El incendio que arrasó con el centro histórico de Santander entre los días 15 y 17 de febrero de 1941 no fue sólo un incendio.
Como en casi todos los desastres naturales, las llamas arrasaron con las esperanzas y las pobres pertenencias de unas 10.000 personas, las que habitaban las entonces también paupérrimas 14 hectáreas que o ardieron o sucumbieron a la dinamita utilizada para abrir cortafuegos en el bosque urbano de madera y piedra. Al este de la zona afectada habitaban las clases burguesas, que habían salido del casco histórico medieval para ocupar los modernos edificios de piedra y buenos materiales construidos en el ensanche de finales del siglo XVIII. El centro les parecía desagradable y maloliente. Y ya antes del incendio, venía reclamando una reforma integral que les “devolviera la ciudad”.
El incendio fue, entonces, una oportunidad única para las élites y para el régimen dictatorial vencedor de la guerra y necesitado de gestas que ratificaran su misión utópica nacionalsocialista.
Carmen Gil de Arriba, en Ciudad e Imagen, defiende que “para quienes sustentaban el maniqueo discurso dominante, no fue muy difícil asimilar el incendio con el enemigo vencido. (…) Vencido el enemigo: la ciudad vieja, se impone la ciudad nueva y ajustada a los deseos del también nuevo régimen”.
Entre 1941 y 1943, los apologetas falangistas se desgañitaban en discursos destinados a mitificar las cenizas. El ministro de Obras Públicas de Franco, Alfonso Peña Boeuf (el que puso su nombre al túnel comenzado en la administración del alcalde socialista Ernesto del Castillo Bordenabe], le dijo a los santanderinos: “La ceniza, al fin purificadora, formará sus cimientos sanos, fuertes, capaces de seguir sosteniendo en lo más alto el blasón de la lealtad, que fue siempre principal orgullo de la ciudad al grito de ¡Santander por España!”. Ramón Rodríguez Llera, en el estudio La reconstrucción urbana de Santander, matiza: “Fuego purificador, sí, quizás de un asado excesivamente ‘republicano’ que así queda extinguido simbólicamente, proporcionador de solar para materializar la nueva arquitectura y los nuevos símbolos de la legalidad impuesta”.

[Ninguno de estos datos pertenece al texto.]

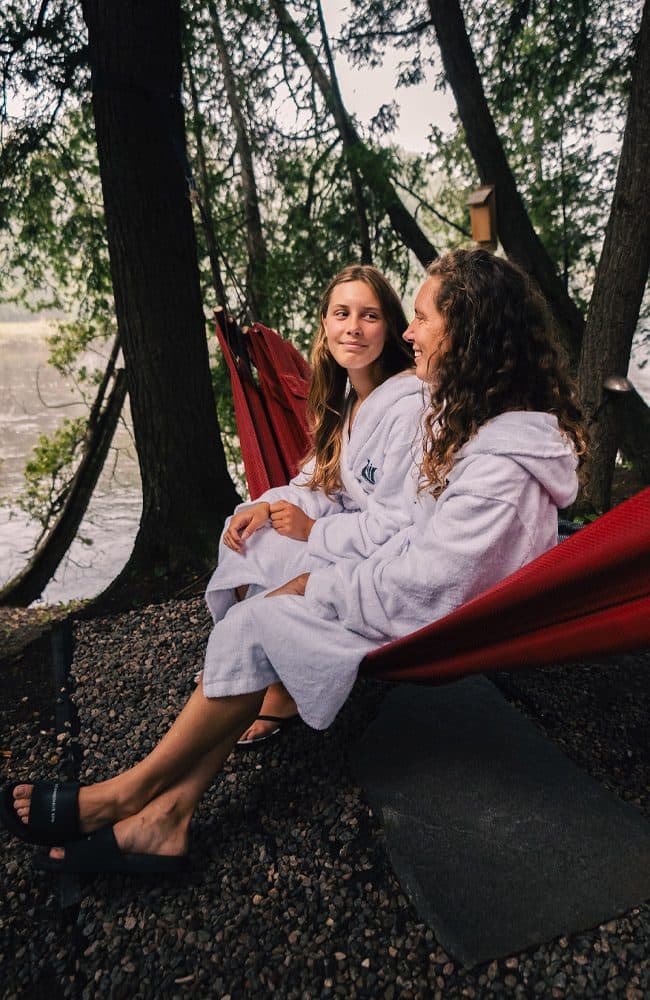 A mother and daughter enjoy the outdoor hammock section at Scandinave Spa.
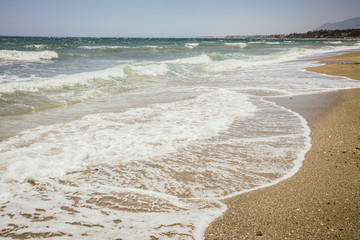 Fototapeta na wymiar Waves, white sand beach and blue sky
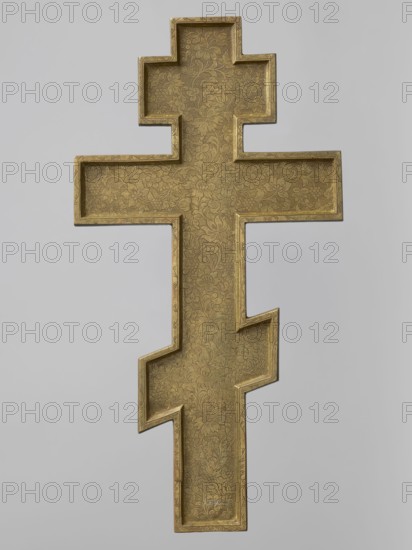 Cross: Crucifixion of Christ, Old Believers workshop; crosses; Jesus Christ Bible; angels; skull iconography; Adam Bible; Crucifixion iconography; moon iconography; sun iconography; instruments of the Passion of the Lord iconography; Jerusalem Israel/Palestine; Mandylion iconography; Golgotha iconography; Old Believers; inscriptions. The obverse shows Christ crucified on Golgotha. Below the cross in the grotto are Adam's skull and the tree of Seth; at the level of the footstool is a view of Jerusalem; on the crossbar are symbols of the sun and moon; in the upper part above the cross is the Mandylion and two angels descending toward Christ. The relief is decorative and very carefully crafted. The set of inscriptions and the font are typical of Bezpopovtsy Old Believer crosses. On the reverse is an engraved plant ornament typical of the Pomeranian environment. 19th century, Northern Russia; cross, height 38.5 cm, width 20.2 cm., A decorative object in the shape of a stepped cross with a ...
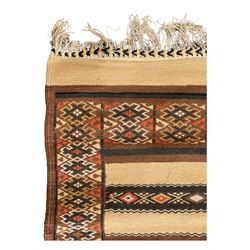 Turkish Kilim ground rug, the field with alternating horizontal bands of geometric patterns, bordered by repeating diamond motifs (145cm x 242cm); Turkish red ground rug, the field with three octagonal medallions (113cm x 172cm) (2)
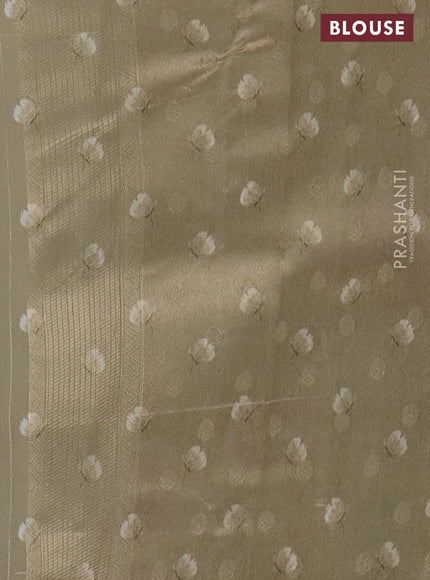 Tissue saree beige with allover zari weaves and floral digital printed border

Mientras, los empresarios transformaban el Plan de Reforma Interior basado en la ciudad orgánica soñada por planificadores como Pedro Bidagor en un gran negocio de especulación. Las “Anónimas Inmobiliarias” publicaron sin pudor: “Señor Gobernador: Se quita usted quebraderos de cabeza. No le pedimos más que nos deje solos. Nosotros constituiremos una anónima, La Inmobiliaria de la Reconstrucción de Santander, S. A., y adquiriremos todos los solares a precios generosos y Santander se verá reconstruido en un abrir y cerrar de ojos. Tenemos dinero, cemento y hierro”.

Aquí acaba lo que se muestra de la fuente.